PIE: Use PC relative adrp/adr for symbol reference

This patch fixes up the AArch64 assembly code to use
adrp/adr instructions instead of ldr instruction for
reference to symbols. This allows these assembly
sequences to be Position Independant. Note that the
the reference to sizes have been replaced with
calculation of size at runtime.
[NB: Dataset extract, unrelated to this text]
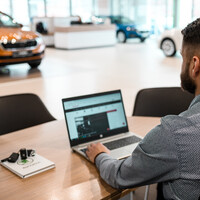 Prodejce nových a ojetých vozů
This is because size
is a constant value and does not depend on execution
address and using PC relative instructions for loading
them makes them relative to execution address. Also
we cannot use `ldr` instruction to load size as it
generates a dynamic relocation entry which must *not*
be fixed up and it is difficult for a dynamic loader
to differentiate which entries need to be skipped.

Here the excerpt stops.